How networks actually grow: the core mechanisms

There are four main families of methods that let a neural network change its own structure during or between training runs. They operate at different levels of the architecture and have different computational costs and stability profiles.
Function-preserving expansion
Net2Net and the broader Network Morphism family let you take a trained network and morph it into a wider or deeper version while exactly preserving the function it computes at the moment of expansion. The idea is that you start small, train to convergence, then expand without throwing away what you learned. Net2WiderNet duplicates neurons with appropriate weight rescaling so the output does not change. Net2DeeperNet inserts identity-initialized layers in the same spirit. After expansion, continued training can then push beyond what the smaller network could represent. This is one of the cleanest practical approaches to incremental growth because the transition point is mathematically stable.
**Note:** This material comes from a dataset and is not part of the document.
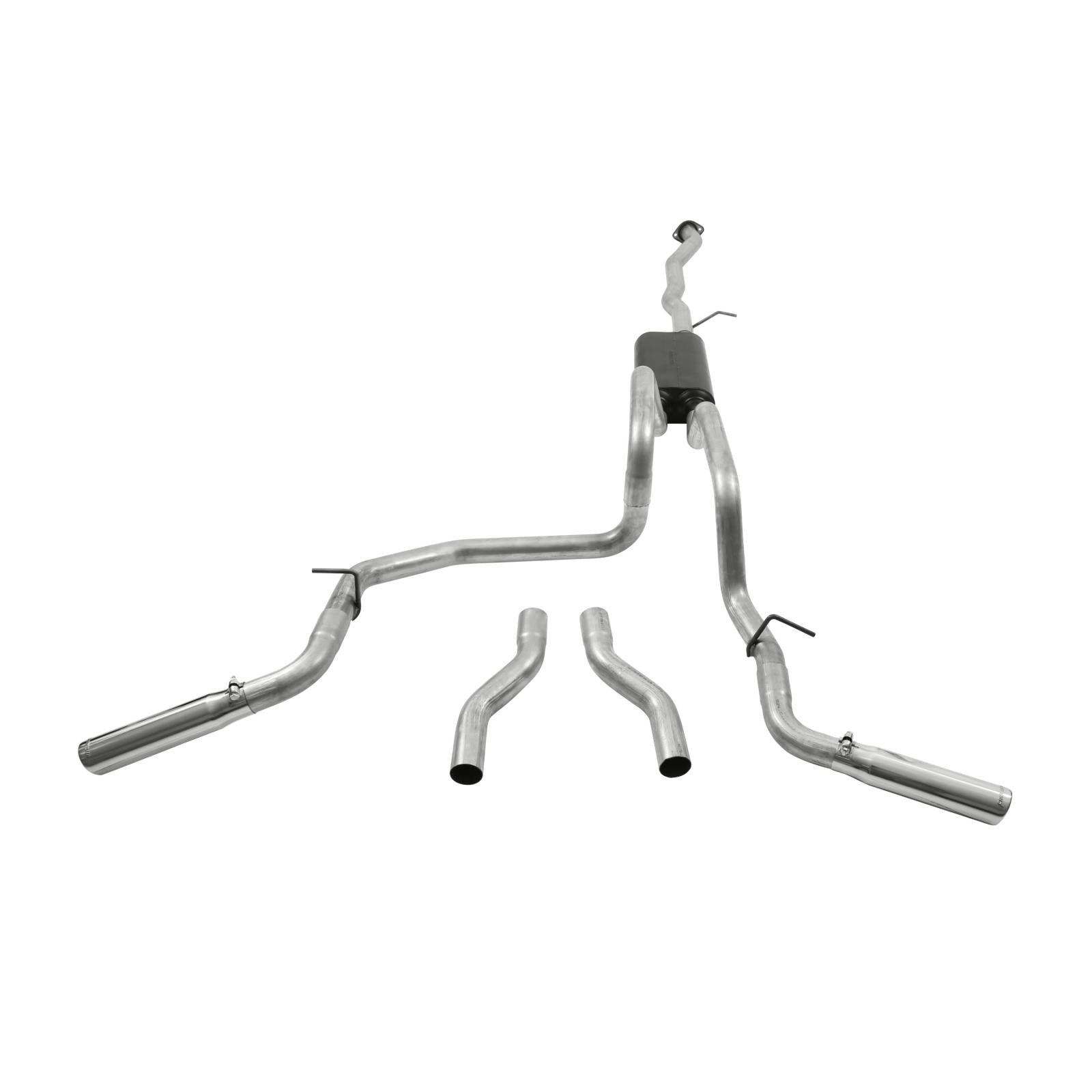 American Thunder Cat-Back Exhaust System Fits 2004-2007 (2007 Classic Only) Silverado/Sierra 1500 Trucks With 4.3L, 4.8L, 5.3L Engine Aggressive To Moderate Sound Flowmaster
Dynamic sparse connectivity

Dynamic sparse training (DST) methods keep a sparse connectivity mask throughout training but update which connections are active at regular intervals. Sparse Evolutionary Training (SET) removes the weakest connections by magnitude and regrows new ones at random, iterating this grow-and-prune cycle during training. RigL goes further: it uses gradient information to decide where to regrow connections, making smarter choices about which new edges are worth adding. Critically, RigL enforces a fixed parameter count and fixed computational cost throughout training. The topology changes, but the budget does not grow. This is a key design principle: growth in structure does not have to mean growth in cost.
Architecture search and differentiable growth
Neural Architecture Search (NAS) automates the discovery of architecture itself. DARTS (Differentiable Architecture Search) makes this tractable by turning the discrete choice of 'which operation goes here' into a continuous relaxation: candidate operations are combined with learned architecture parameters optimized via softmax weighting, so you can use gradient descent on the architecture simultaneously with the weights. The result is that the network selects its own structure during training. This is arguably the closest thing to genuine self-assembly in the engineering sense. The catch is that DARTS is known to suffer from performance collapse when the continuous relaxation is discretized, and several follow-up papers exist specifically to stabilize it.
Progressive and modular expansion for continual learning
Progressive Neural Networks add an entirely new 'column' network for each new task and connect it to previous columns via lateral connections. Old columns are frozen, so previous knowledge cannot be overwritten. Dynamically Expandable Networks (DEN) take a softer approach: the network selectively grows neurons in response to new tasks during lifelong learning, deciding dynamically how much capacity each new task needs. Both methods frame structural growth as a solution to catastrophic forgetting, which is the tendency for a model to lose old knowledge when learning something new. The architecture change is the memory mechanism, not an add-on to it.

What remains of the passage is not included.